Stärkstes Vorkommen: Heuer 19 junge Seeadler im Waldviertel gezählt

Im Jahr 2000 galten sie als ausgestorben, vor kurzem vermeldete der WWF einen Bruterfolg mit 50 Seeadler-Jungtieren im heurigen Jahr. Der WWF hat 60 Brutpaare in ganz Österreich registriert - die mit Abstand meisten davon leben im Waldviertel. Hier zählt die Organisation ganze 20 Brutpaare und 19 Jungvögel im heurigen Jahr.
„Das Waldviertel umfasst mehr als 40 Prozent des nationalen Seeadlerbestandes und stellt damit das wichtigste Vorkommen dieser Art in Österreich dar“, erklärt Richard Katzinger, der als Greifvogelexperte die Bestandsentwicklung des Seeadlers im Waldviertel dokumentiert: „In Summe wurden bereits über 130 Jungvögel seit dem Jahr 2008 registriert.“ Der Seeadler sei an Wasserflächen und größere Wälder gebunden. Diese Bedingungen finde er vor allem im nordwestlichen Waldviertel - sprich in den Bezirken Gmünd und Waidhofen - vor.
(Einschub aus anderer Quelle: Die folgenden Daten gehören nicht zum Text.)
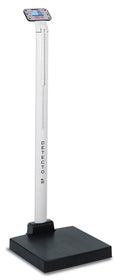 Digital Physician Scale with Mechanical Height Rod, 600 lb x 0.2 lb B77939
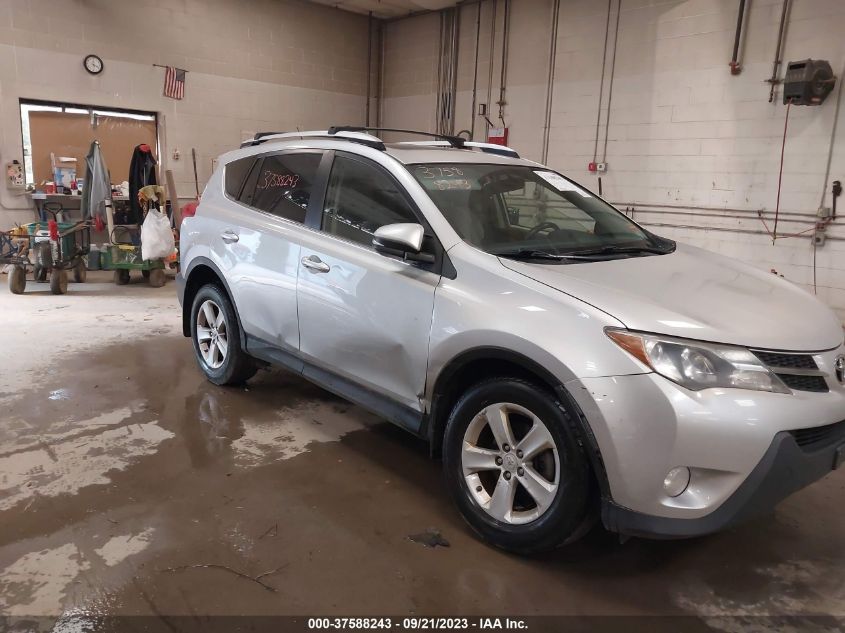 2013 TOYOTA RAV4 XLE - JTMRFREV5DD018071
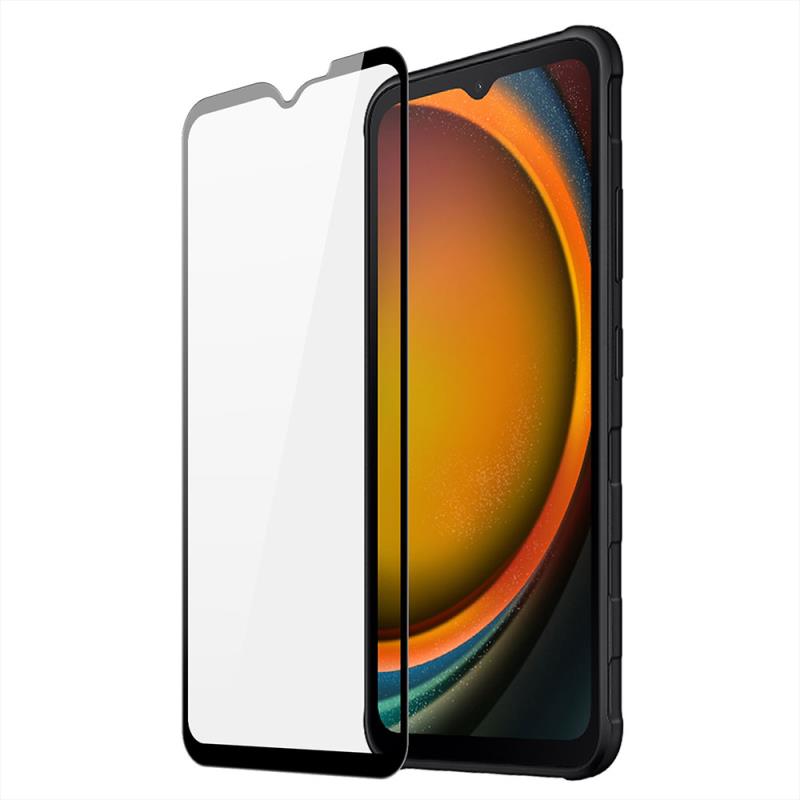 Tempered Glass Full Face Dux Ducis Samsung G556B Galaxy Xcover 7 5G Μαύρο (1 τεμ.) | Shopin.gr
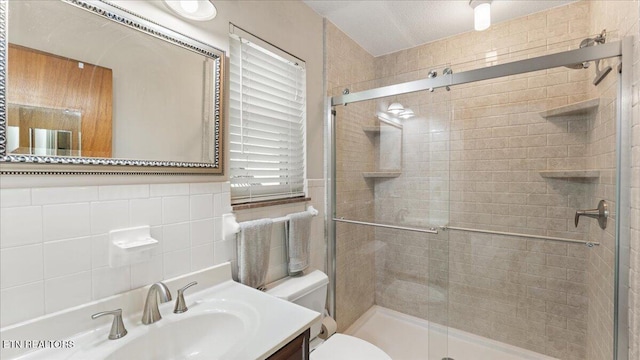 300 Clearfield Rd, Knoxville, TN 37922 - bathroom featuring a stall shower and vanity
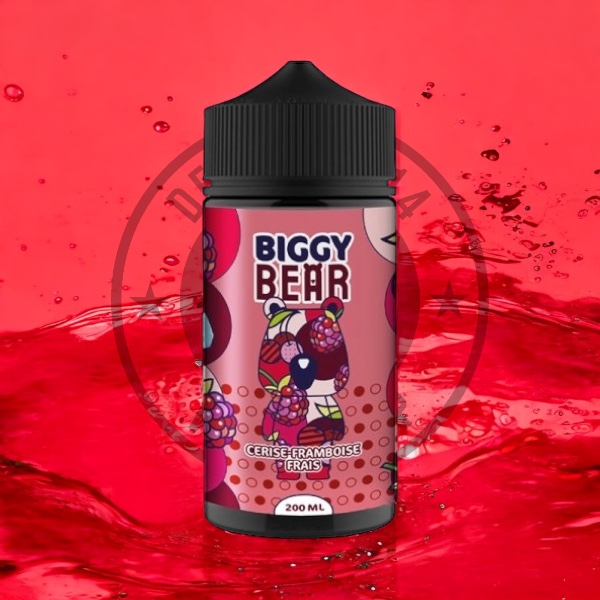 e-liquide-cerise-framboise-frais-biggy-bear-show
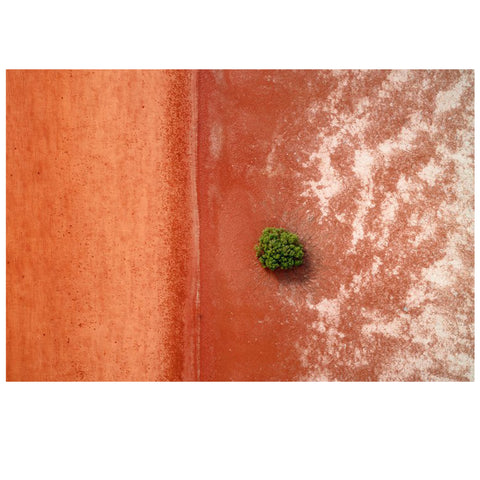 Julie Kenny - 'Roebuck Bay' Mounted Print A3 in 40 x 50 cm Window (jken014)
Was aus dem Adler vom Harabruckteich wurde
Im März 2021 erregte eine Seeadler-Sichtung am Großen Harabruckteich in Gmünd viel Aufmerksamkeit. Der Vogel könne auch heute nicht mit Sicherheit einem bekannten Horst zugeordnet werden, sagt Katzinger. Denn: „Neben den territorialen Brutpaaren gibt es auch unverpaarte Einzelvögel bzw. Paare in der Ansiedlungsphase, die noch keinen Horst haben.“ Dass es durch die recht hohe Dichte in Teilen des Waldviertels immer wieder zu Überflügen und somit Sichtungen in Siedlungsgebieten kommt, sei naheliegend.
Die Reviergröße der Seeadler variiere je nach örtlichen Gegebenheiten, so Richard Katzinger: „Entscheidend sind vor allem die Nahrungsverfügbarkeit und die Distanz zum Horstplatz. Ich schätze, dass wir im Waldviertel Reviergrößen von 50 bis 100 Quadratkilometern haben.“ Seitens des WWF wird die heurige Jungvogel-Zählung jedenfalls als Erfolg gesehen.
„Es bestätigt den Aufwind für die heimische Seeadler-Population. Die Rückkehr der ehemals ausgerotteten Art ist ein Paradebeispiel für die Wirksamkeit von Schutzmaßnahmen. Nur wenn der Mensch natürliche Lebensräume erhält, wiederherstellt und Tiere konsequent vor Verfolgung schützt, sind solche Erfolgsgeschichten möglich“, sagt WWF-Artenschutzexperte Christian Pichler.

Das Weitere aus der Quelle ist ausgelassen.